-- Data to examine follows --
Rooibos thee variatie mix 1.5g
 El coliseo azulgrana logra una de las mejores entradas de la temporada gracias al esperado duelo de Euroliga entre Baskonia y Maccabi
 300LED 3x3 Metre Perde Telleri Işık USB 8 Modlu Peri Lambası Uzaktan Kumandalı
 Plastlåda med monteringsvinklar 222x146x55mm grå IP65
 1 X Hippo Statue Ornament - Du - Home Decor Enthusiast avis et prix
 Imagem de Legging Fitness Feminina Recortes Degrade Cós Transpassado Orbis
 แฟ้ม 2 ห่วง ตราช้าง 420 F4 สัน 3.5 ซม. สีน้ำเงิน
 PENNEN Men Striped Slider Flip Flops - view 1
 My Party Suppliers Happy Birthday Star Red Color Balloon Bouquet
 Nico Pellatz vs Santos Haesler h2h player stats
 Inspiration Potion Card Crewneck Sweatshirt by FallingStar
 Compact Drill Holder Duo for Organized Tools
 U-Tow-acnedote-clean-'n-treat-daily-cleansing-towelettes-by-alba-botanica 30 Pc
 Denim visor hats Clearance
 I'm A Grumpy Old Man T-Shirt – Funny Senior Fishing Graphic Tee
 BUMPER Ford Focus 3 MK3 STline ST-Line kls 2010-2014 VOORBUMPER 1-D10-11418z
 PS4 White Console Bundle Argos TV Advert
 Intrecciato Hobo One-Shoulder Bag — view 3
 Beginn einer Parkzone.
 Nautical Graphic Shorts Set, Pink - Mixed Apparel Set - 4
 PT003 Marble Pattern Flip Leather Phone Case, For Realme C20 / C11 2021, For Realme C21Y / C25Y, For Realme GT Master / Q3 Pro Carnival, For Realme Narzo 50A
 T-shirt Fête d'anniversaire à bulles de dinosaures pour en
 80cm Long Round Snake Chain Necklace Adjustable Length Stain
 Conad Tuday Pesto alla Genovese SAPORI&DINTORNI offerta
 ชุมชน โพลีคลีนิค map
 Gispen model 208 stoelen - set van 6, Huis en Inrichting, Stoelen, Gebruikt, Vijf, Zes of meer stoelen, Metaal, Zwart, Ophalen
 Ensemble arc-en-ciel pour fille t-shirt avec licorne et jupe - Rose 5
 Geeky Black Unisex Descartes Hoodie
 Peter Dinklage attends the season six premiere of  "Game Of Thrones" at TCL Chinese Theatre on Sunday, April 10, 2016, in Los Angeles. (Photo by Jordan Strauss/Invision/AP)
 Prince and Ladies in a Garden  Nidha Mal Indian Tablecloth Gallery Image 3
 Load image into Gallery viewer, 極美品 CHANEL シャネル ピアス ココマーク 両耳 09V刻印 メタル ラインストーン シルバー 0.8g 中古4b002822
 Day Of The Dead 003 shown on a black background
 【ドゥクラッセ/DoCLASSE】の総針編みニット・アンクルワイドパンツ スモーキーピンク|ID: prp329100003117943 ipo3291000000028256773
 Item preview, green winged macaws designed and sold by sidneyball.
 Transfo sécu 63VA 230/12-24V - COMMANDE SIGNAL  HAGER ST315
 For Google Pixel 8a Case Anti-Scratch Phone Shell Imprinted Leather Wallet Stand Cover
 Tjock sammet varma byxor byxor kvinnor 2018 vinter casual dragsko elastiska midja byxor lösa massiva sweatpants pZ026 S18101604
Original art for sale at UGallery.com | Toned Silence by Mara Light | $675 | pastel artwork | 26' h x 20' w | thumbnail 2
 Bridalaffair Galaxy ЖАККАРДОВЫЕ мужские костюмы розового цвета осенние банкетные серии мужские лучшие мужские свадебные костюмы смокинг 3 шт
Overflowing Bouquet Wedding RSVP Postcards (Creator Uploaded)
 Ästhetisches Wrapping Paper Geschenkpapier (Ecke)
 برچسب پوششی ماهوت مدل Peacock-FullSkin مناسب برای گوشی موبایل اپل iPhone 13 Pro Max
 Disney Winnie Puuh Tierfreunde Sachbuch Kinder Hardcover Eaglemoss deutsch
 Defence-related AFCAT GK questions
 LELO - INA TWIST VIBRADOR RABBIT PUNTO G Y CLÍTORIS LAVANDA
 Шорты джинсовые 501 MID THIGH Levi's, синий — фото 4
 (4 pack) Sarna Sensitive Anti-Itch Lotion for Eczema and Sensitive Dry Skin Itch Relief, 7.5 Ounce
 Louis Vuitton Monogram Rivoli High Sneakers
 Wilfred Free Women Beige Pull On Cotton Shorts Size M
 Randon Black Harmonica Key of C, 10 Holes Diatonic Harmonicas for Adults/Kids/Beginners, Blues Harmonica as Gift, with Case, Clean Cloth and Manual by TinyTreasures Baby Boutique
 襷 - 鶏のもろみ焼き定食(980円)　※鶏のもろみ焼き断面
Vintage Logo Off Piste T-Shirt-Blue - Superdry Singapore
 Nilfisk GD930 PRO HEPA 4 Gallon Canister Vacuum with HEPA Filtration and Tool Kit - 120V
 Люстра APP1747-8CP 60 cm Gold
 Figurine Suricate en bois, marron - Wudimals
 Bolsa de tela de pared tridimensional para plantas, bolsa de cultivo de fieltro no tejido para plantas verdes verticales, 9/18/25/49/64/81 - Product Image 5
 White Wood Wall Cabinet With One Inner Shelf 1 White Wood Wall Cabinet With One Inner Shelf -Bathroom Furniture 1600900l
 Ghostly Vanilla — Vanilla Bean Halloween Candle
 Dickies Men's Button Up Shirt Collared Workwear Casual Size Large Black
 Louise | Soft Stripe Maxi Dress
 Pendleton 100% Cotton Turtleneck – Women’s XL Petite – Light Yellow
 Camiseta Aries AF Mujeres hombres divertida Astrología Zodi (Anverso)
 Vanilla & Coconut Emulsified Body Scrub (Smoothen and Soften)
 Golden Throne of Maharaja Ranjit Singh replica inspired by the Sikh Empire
-- Data to examine concluded --
Only the lines above starting at the line that holds "Day Of The Dead" and ending at the line that holds "襷 - 鶏のもろみ焼き定食(980円)　※鶏のもろみ焼き断面" are to be repeated, exactly and in full.

 Day Of The Dead 003 shown on a black background
 【ドゥクラッセ/DoCLASSE】の総針編みニット・アンクルワイドパンツ スモーキーピンク|ID: prp329100003117943 ipo3291000000028256773
 Item preview, green winged macaws designed and sold by sidneyball.
 Transfo sécu 63VA 230/12-24V - COMMANDE SIGNAL  HAGER ST315
 For Google Pixel 8a Case Anti-Scratch Phone Shell Imprinted Leather Wallet Stand Cover
 Tjock sammet varma byxor byxor kvinnor 2018 vinter casual dragsko elastiska midja byxor lösa massiva sweatpants pZ026 S18101604
Original art for sale at UGallery.com | Toned Silence by Mara Light | $675 | pastel artwork | 26' h x 20' w | thumbnail 2
 Bridalaffair Galaxy ЖАККАРДОВЫЕ мужские костюмы розового цвета осенние банкетные серии мужские лучшие мужские свадебные костюмы смокинг 3 шт
Overflowing Bouquet Wedding RSVP Postcards (Creator Uploaded)
 Ästhetisches Wrapping Paper Geschenkpapier (Ecke)
 برچسب پوششی ماهوت مدل Peacock-FullSkin مناسب برای گوشی موبایل اپل iPhone 13 Pro Max
 Disney Winnie Puuh Tierfreunde Sachbuch Kinder Hardcover Eaglemoss deutsch
 Defence-related AFCAT GK questions
 LELO - INA TWIST VIBRADOR RABBIT PUNTO G Y CLÍTORIS LAVANDA
 Шорты джинсовые 501 MID THIGH Levi's, синий — фото 4
 (4 pack) Sarna Sensitive Anti-Itch Lotion for Eczema and Sensitive Dry Skin Itch Relief, 7.5 Ounce
 Louis Vuitton Monogram Rivoli High Sneakers
 Wilfred Free Women Beige Pull On Cotton Shorts Size M
 Randon Black Harmonica Key of C, 10 Holes Diatonic Harmonicas for Adults/Kids/Beginners, Blues Harmonica as Gift, with Case, Clean Cloth and Manual by TinyTreasures Baby Boutique
 襷 - 鶏のもろみ焼き定食(980円)　※鶏のもろみ焼き断面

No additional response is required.